Tectonic subsidence is the sinking of the Earth's crust on a large scale, relative to crustal-scale features or the geoid.[1] The movement of crustal plates and accommodation spaces produced by faulting[2] brought about subsidence on a large scale in a variety of environments, including passive margins, aulacogens, fore-arc basins, foreland basins, intercontinental basins and pull-apart basins. Three mechanisms are common in the tectonic environments in which subsidence occurs: extension, cooling and loading.[3][4]
Where the lithosphere undergoes horizontal extension at a normal fault or rifting center, the crust will stretch until faulting occurs, either by a system of normal faults (which creates horsts and grabens) or by a system of listric faults. These fault systems allow the region to stretch, while also decreasing its thickness. A thinner crust subsides relative to thicker, undeformed crust.[3]
Lithospheric stretching/thinning during rifting results in regional necking of the lithosphere (the elevation of the upper surface decreases while the lower boundary rises). The underlying asthenosphere passively rises to replace the thinned mantle lithosphere. Subsequently, after the rifting/stretching period ends, this shallow asthenosphere gradually cools back into mantle lithosphere over a period of many tens of millions of years. Because mantle lithosphere is denser than asthenospheric mantle, this cooling causes subsidence. This gradual subsidence due to cooling is known as "thermal subsidence".[5]

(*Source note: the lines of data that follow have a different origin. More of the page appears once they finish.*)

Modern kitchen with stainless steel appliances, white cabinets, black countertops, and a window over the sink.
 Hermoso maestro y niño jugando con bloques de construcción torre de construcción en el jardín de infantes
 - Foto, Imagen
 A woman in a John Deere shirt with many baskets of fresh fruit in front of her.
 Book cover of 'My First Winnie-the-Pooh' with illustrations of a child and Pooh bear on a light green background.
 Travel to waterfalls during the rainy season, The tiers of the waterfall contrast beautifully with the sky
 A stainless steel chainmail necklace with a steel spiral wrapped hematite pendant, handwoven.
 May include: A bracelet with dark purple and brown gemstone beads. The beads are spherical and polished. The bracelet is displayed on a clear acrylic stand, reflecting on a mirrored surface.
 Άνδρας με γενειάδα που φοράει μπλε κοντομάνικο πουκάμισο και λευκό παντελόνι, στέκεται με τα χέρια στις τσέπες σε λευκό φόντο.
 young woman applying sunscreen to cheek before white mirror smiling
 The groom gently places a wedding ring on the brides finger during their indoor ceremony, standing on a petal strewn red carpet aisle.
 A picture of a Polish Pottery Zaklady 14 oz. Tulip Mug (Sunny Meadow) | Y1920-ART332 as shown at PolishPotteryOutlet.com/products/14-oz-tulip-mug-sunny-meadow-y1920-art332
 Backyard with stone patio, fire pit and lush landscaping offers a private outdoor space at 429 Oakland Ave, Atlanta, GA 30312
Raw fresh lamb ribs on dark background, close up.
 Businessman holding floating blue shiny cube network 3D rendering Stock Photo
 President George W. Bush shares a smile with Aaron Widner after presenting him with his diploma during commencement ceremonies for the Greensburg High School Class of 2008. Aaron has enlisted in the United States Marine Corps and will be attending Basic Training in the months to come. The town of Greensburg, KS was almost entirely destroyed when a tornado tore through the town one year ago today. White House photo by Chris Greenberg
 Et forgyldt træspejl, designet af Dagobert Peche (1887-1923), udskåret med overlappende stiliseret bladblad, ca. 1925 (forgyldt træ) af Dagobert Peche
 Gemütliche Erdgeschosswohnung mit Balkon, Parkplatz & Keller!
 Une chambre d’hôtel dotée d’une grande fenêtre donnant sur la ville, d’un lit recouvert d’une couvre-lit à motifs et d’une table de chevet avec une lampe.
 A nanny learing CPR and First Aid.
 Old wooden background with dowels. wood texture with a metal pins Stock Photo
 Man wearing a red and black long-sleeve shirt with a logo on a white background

The adding of weight by sedimentation from erosion or orogenic processes, or loading, causes crustal depression and subsidence. Sediments accumulate at the lowest elevation possible, in accommodation spaces. The rate and magnitude of sedimentation controls the rate at which subsidence occurs.[6] By contrast, in orogenic processes, mountain building creates a large load on the Earth's crust, causing flexural depressions in adjacent lithospheric crust.[2]
These settings are not tectonically active, but still experience large-scale subsidence because of tectonic features of the crust.
Intracontinental basins are large areal depressions that are tectonically inactive and not near any plate boundaries.[2] Multiple hypotheses have been introduced to explain this slow, long-lived subsidence:[2] long-term cooling since the breakup of Pangea, interaction of deformation around the edge of the basin and deep earth dynamics. The Illinois basin and Michigan basin are examples of intracontinental basins. Extensive swamps are sometimes formed along the shorelines of these basins, leading to the burial of plant matter that later forms coal.[7]
Tectonic subsidence can occur in these environments as the crust thinning.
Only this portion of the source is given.